Studio Description



Master of Architecture Design Studio - MSD - University of Melbourne





Melbourne’s Western Plains is a hybridised territory – a product of the exertion of civil engineering, land management, and the pressures of urbanisation. How public space is designed and planned within this territory, whether built or regenerated, is critical to city’s future edge. Building from the last 2 semester’s foundations, this studio will return to this context for another design project for large scale public landscapes and infrastructures.

Focusing on an expanded notion of site – The Map and the Territory begins with a close reading of the Western Plains via mapping, photography and simulation. A careful and detailed survey is developed using photographs of places across the Plains, transformed into simulated reproductions using advanced gaming engine environments. These virtual reproductions of site create a blur between real and fictional, allowing for stories of past, present and future to imbue the design process.


Together with GIS digital mapping data, these constructed images and models serve as a portrait of site and contain symbolic and formal inclinations that later become the elements and assets we use to construct the design project with.




Studio Outcomes



Within this studio, the concept of place is explored as a space or locale that is imbued with meaning across time through everyday activities. Everyday activities, especially those in the form of physical culture, are the basis of the programming of the studio project – an ‘anti-park’ for Melbourne’s West.
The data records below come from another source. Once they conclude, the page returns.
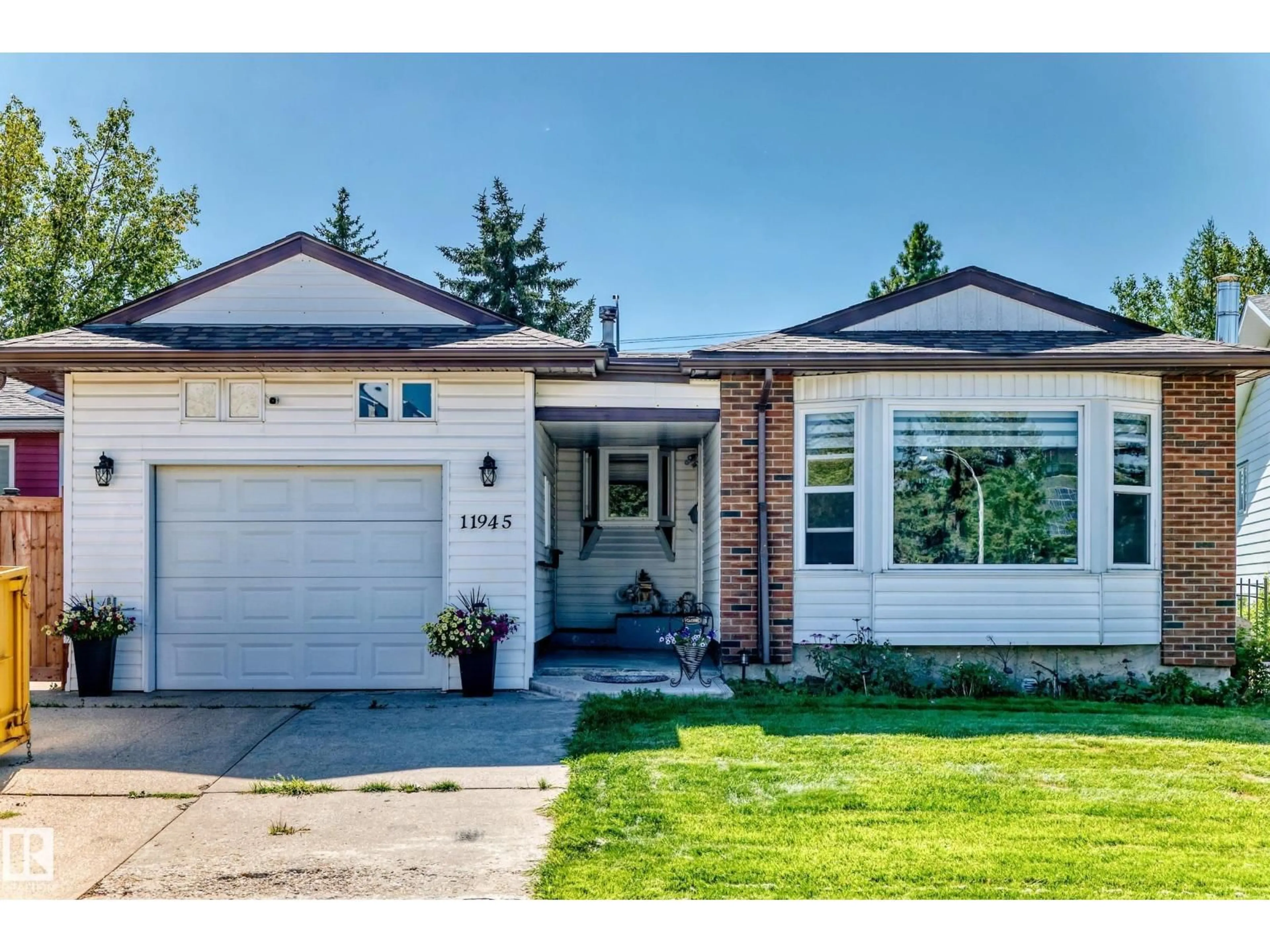 Home with brick exterior material, street for NW - 11945 138 AV, Edmonton Alberta T5X4K1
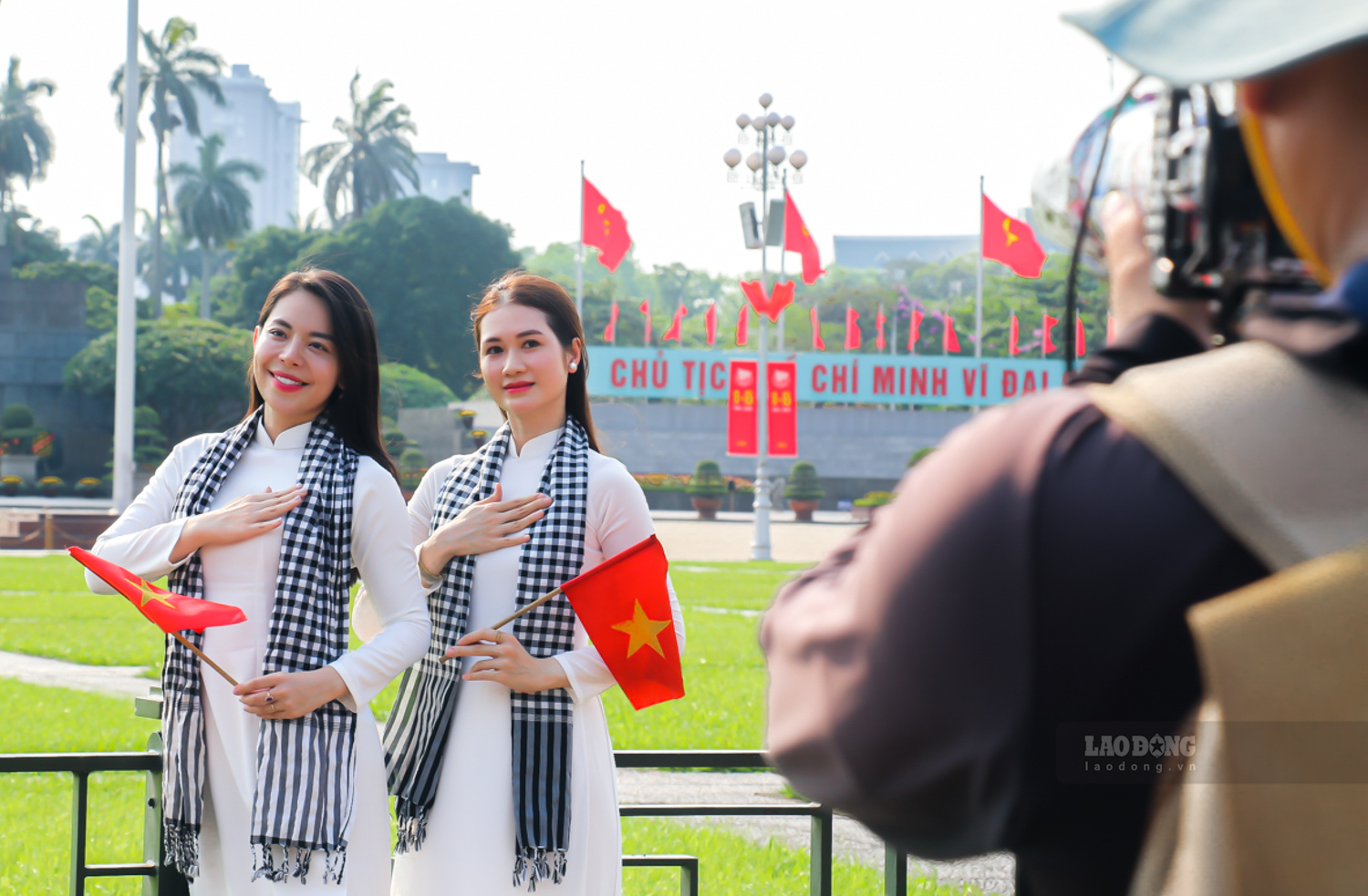 Trong nắng đầu hè của Hà Nội, hình ảnh các bạn trẻ trong tà áo dài, sơ mi trắng hay trang phục mang sắc đỏ, tay cầm quốc kỳ, tạo nên bức tranh vừa trang nghiêm vừa rộn ràng giữa không gian lịch sử.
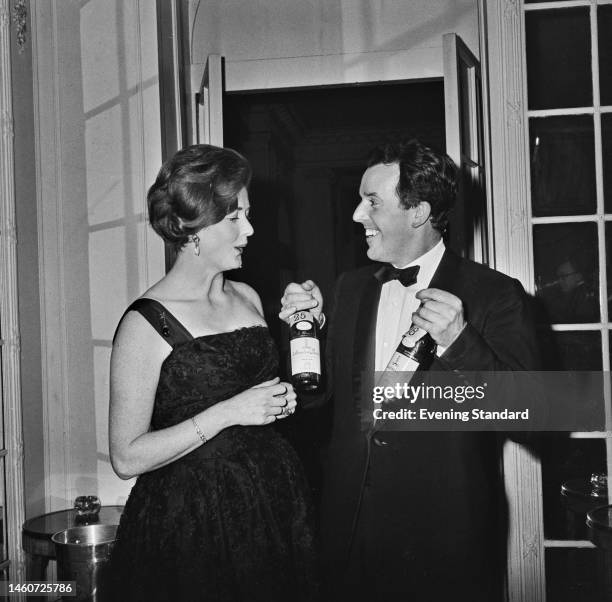 British comedy actor Brian Rix and wife Elspet Gray pictured with wine bottles at an event on January 30th, 1961.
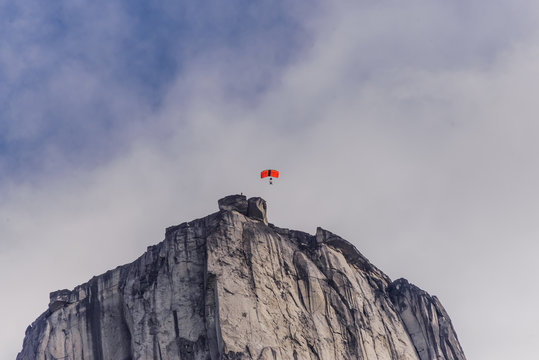 Person paragliding from mountain in the Tasermiut Fjord, Narsaq, Vestgronland, Greenland
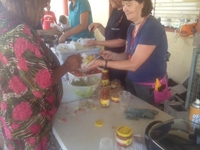 A table with taco ingredients. One woman hands food to a woman on the other side of the table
In the studio we will design 3 large scale public spaces –

  1. The Field – an ‘anti-park’ - a spatial project that speculates on alternative cultural relationships within the plains.
  2. The Line – a pathway infrastructure that provides access to and from the field.
  3. The Shed – a commercial seed production facility.


We will conduct field trips to the plains, using photography and photogrammetry tools to conduct a developed form of site analysis – the photographic survey. By digitally reproducing and modelling spatial scenes using real time graphic technologies, we may alter their meaning, constructing situations that were different to those we had found simply by being there.


This studio will be conducted in a hybrid format - studio sessions will vary across on-campus meetings and formal reviews, online meetings and workshops and on-site field trips. The studio fosters a collaborative and inclusive group dynamic, immersing ourselves in real and virtual ecologies and environments.

Technical tooling workshops will be carried out for students to develop skills in photography, gaming technologies, drawing and sketching. No prior software specialisation is required.